23/10/08

Tarde...ya no

Hace apenas unos meses pude recuperar algunos vestigios del pasado. Retazos amarillentos, olvidados como se olvida el olor del mar, o el néctar ajeno exudado, aprendido, bebido en noches en que ni yo ni las cortinas de las ventanas podemos atestiguar cómo sucedieron. Vestigios que si bien eran remotos, daba por descontado que ya no existían, o existían para contradecir mis esfuerzos de olvidarme que alguna vez existieron.
A veces se recuerda un juguete, el olor del plástico, la aspereza o la suavidad que tenía. El tipo de sensaciones que, vagamente, podemos asociar con aquellas primeras experiencias del mundo. Las que fueren.
Aún las jodidas.
Revolviendo viejos cajones encontré cuadernos y libros, los primeros libros, de mi paso por la escuela primaria.
Los encontré sin sorpresa, sin encanto. Como se encuentra un boleto de tren olvidado en el bolsillo de un viejo gabán, como una carta marchita, un frasco hermoso y vacío. Encontrar sin tener la urgente necesidad de hacerlo, casi cuestionando el encuentro.

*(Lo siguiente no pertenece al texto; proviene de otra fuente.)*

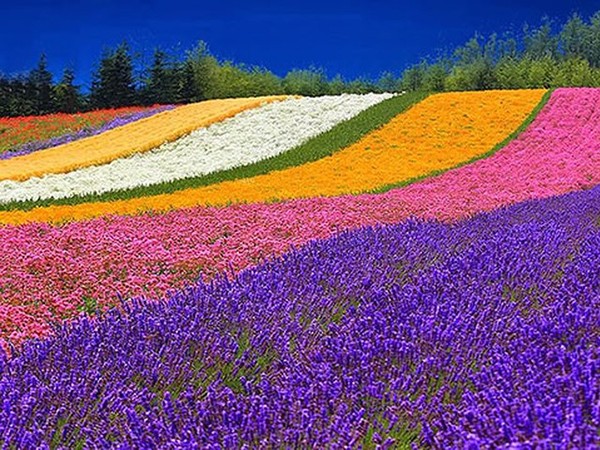 “Lạc trôi” trên những cánh đồng hoa đẹp như trong truyện cổ tích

Aparecieron donde –sabía- debían estar si algún azar del tiempo no se había confabulado para hacerlos desaparecer. Sin entusiasmo los hojee en un principio, y sin saber porqué decidí guardarlos, recogerlos desde su antiguo descanso para traerlos a mis pocas pertenencias actuales, a las nimias pertenencias que intentan fundirse para engendrar un recuerdo. Las que me dicen hoy quién soy, las nuevas, las adquiridas, las recibidas en regalo. Las aprendidas como mías, y extrañas justamente por ello.